I’ve had the good fortune to be involved in 3 successful startups, now in my fourth, including founding two.
You want to think like a VC (VCs are the companies that fund startups, not banks as mentioned above). Remember, just as a VC finds some place to park millions of their dollars, you’re finding some place to park years of your life. It’s a huge commitment for both of you, so don’t treat the decision lightly. Especially since the hours will be long.
What the VC wants to know (prioritized):
Team: Does the team have a track record of successfully building companies? Do they have a track record of building relevant technology? Do they have a track record of selling to relevant customers? Do they have a rolodex of relevant parters and potential acquirers?
Market Size: What is the potential market for the product you’ll make?
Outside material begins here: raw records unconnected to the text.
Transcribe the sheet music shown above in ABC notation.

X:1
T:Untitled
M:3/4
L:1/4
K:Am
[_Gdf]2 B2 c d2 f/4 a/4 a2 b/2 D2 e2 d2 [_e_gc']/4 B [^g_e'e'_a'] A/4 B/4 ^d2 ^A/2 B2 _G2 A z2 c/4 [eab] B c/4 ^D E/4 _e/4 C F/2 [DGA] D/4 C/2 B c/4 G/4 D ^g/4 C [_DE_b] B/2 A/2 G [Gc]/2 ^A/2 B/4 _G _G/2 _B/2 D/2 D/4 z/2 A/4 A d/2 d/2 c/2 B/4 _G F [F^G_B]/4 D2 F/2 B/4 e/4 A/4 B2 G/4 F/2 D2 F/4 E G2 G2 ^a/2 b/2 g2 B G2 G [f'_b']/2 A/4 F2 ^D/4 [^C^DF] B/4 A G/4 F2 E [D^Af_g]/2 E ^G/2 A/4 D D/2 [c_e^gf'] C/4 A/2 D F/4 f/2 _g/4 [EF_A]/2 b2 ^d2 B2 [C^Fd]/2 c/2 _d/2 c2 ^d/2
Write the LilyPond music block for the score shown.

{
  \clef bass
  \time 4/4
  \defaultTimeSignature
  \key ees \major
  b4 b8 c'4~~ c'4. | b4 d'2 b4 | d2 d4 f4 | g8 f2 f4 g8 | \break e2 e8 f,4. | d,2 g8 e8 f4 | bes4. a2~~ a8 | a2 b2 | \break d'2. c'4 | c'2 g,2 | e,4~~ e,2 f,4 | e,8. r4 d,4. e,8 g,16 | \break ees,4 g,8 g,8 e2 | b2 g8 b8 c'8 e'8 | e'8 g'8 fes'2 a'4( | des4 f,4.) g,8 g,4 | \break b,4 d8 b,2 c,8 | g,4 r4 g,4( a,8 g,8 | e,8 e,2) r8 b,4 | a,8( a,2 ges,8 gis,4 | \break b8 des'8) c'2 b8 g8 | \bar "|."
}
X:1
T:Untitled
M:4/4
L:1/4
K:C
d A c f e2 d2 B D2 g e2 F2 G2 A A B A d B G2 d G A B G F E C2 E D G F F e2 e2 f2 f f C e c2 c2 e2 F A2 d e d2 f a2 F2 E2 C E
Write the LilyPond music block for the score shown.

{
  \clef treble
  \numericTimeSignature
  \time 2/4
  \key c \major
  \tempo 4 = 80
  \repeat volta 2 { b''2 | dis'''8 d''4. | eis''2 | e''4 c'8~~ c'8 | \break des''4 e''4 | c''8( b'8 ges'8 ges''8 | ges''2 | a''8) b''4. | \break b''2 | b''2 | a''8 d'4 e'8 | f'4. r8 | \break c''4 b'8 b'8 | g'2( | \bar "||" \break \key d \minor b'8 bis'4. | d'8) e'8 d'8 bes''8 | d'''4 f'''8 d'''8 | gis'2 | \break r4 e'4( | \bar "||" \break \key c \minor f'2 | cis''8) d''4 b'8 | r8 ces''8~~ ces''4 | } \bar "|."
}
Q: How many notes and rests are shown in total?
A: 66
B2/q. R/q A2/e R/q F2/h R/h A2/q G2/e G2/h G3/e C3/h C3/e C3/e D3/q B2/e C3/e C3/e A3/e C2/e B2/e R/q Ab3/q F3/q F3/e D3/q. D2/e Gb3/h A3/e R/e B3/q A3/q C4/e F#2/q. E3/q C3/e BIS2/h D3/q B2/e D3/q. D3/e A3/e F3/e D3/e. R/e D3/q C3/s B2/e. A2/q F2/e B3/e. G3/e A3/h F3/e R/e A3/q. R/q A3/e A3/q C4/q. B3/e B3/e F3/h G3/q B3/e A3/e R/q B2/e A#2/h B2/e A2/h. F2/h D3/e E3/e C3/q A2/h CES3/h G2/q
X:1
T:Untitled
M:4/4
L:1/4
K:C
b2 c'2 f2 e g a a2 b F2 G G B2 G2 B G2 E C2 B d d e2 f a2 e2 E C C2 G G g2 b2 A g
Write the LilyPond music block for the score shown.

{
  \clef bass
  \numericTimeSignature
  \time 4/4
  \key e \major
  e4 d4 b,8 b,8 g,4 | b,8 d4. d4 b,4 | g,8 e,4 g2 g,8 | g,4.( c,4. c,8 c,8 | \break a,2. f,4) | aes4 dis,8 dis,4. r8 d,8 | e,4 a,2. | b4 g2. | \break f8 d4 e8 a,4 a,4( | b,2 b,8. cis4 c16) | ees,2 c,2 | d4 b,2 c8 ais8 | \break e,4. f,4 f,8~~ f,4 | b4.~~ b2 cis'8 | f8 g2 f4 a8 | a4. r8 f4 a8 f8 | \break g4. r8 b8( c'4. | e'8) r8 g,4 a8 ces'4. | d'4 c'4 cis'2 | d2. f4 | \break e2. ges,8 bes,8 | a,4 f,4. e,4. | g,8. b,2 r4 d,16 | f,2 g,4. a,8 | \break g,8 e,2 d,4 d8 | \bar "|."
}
Most tier one VCs won’t touch you if you aren’t aiming at a $1B market.
Competition and Differentiation: How many competitors are out there? What do you have to give you an unfair advantage? How much development lead-time do you have on the competition? How many patents do you have? What differentiates you from your competition? How will you maintain that differentiation?
Product: Do you have a strong product?
Note that the product is pretty far down the list, and is really secondary in the scope of things. It’s really about getting some sharp experienced people that are aiming at a big market. It’s a given that the market will change, so if you have sharp people, they’ll adjust. If instead you make a choice based on a great product, when the market changes (it will), the product will be useless, and the team won’t be able to adapt.
Also, if you’re new to this, here’s how the money works:
You’ll get some stock options, which are ownership of some percentage of the company. At some point (assuming the company doesn’t fold), you’ll “exit”, either by going public or being acquired by another company. At that point, your shares will be liquid, and you can (or maybe must depending) cash them out. There is a total number of shares outstanding. Ask what this is. There is a number of shares they’ll offer you (typically you’ll have to work 4 years to get them all; they’ll vest over that four years). The company will become liquid at some price some day. So, if you take your shares, multiply by the exit price of the company, then divide by the number of total shares, you’ll get what you should earn from your stock options over that vesting period (4 years typically).
Note that by the time the company becomes liquid, the total number of shares will increase, if they have to raise additional money which is likely. Count on the total shares doubling at least, and maybe quadrupling.